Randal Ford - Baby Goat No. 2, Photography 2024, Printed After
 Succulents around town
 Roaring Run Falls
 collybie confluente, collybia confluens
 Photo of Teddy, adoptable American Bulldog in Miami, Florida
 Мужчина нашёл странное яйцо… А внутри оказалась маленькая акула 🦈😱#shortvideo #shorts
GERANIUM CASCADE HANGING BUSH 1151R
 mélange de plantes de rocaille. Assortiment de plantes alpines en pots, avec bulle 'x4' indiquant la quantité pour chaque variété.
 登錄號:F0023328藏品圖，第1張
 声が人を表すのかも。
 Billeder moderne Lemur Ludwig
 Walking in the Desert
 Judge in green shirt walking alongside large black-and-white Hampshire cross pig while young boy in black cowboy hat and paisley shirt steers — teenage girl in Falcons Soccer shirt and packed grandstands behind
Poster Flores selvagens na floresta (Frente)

════════

→ Your objective
Produce an identical printout of the material above.

→ Result below
Randal Ford - Baby Goat No. 2, Photography 2024, Printed After
 Succulents around town
 Roaring Run Falls
 collybie confluente, collybia confluens
 Photo of Teddy, adoptable American Bulldog in Miami, Florida
 Мужчина нашёл странное яйцо… А внутри оказалась маленькая акула 🦈😱#shortvideo #shorts
GERANIUM CASCADE HANGING BUSH 1151R
 mélange de plantes de rocaille. Assortiment de plantes alpines en pots, avec bulle 'x4' indiquant la quantité pour chaque variété.
 登錄號:F0023328藏品圖，第1張
 声が人を表すのかも。
 Billeder moderne Lemur Ludwig
 Walking in the Desert
 Judge in green shirt walking alongside large black-and-white Hampshire cross pig while young boy in black cowboy hat and paisley shirt steers — teenage girl in Falcons Soccer shirt and packed grandstands behind
Poster Flores selvagens na floresta (Frente)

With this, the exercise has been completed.